* [TASK DIRECTIONS] Print exactly what the entries say, line by line, from the first line down to the one with "Antusiasme Anak-Anak Tunjukkan", inclusive.

[[ EXCERPTED RECORDS, beginning ]]

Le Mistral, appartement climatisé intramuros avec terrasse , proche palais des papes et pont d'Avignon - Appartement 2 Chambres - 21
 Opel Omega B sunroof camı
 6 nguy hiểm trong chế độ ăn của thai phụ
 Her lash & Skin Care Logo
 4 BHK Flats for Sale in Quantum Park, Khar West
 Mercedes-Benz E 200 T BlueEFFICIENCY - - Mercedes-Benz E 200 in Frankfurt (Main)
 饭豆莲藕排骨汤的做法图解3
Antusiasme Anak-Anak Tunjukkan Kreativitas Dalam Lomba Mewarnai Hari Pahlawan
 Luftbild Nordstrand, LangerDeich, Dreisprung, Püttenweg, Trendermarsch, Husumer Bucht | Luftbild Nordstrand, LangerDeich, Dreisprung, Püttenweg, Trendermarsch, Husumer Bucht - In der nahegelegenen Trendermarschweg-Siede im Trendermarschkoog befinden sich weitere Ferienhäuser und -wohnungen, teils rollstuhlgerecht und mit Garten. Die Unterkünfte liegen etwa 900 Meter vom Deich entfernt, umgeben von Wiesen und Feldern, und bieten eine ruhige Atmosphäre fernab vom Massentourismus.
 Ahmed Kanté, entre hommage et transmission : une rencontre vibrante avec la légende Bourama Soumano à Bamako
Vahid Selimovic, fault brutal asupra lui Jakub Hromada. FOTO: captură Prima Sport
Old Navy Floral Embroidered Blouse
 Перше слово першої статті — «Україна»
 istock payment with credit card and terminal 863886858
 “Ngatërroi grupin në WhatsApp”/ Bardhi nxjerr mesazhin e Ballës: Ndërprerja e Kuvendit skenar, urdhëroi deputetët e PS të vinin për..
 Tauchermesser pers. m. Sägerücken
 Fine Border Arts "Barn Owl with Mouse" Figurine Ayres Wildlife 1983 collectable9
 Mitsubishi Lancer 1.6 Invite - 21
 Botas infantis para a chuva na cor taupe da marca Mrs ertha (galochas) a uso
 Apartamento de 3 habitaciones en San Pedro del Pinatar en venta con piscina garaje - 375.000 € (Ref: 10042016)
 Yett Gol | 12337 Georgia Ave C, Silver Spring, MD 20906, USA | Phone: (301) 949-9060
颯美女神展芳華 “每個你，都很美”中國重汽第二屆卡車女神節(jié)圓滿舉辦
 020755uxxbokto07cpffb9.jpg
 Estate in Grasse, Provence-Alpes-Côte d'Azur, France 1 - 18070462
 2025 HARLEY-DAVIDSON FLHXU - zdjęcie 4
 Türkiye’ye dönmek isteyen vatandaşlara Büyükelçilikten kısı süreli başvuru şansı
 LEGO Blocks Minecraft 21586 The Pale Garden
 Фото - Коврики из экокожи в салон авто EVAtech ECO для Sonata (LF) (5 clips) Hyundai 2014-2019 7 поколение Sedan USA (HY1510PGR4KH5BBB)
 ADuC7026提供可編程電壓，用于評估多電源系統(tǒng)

[[ EXCERPTED RECORDS, end ]]

* [THE ANSWER]
Le Mistral, appartement climatisé intramuros avec terrasse , proche palais des papes et pont d'Avignon - Appartement 2 Chambres - 21
 Opel Omega B sunroof camı
 6 nguy hiểm trong chế độ ăn của thai phụ
 Her lash & Skin Care Logo
 4 BHK Flats for Sale in Quantum Park, Khar West
 Mercedes-Benz E 200 T BlueEFFICIENCY - - Mercedes-Benz E 200 in Frankfurt (Main)
 饭豆莲藕排骨汤的做法图解3
Antusiasme Anak-Anak Tunjukkan Kreativitas Dalam Lomba Mewarnai Hari Pahlawan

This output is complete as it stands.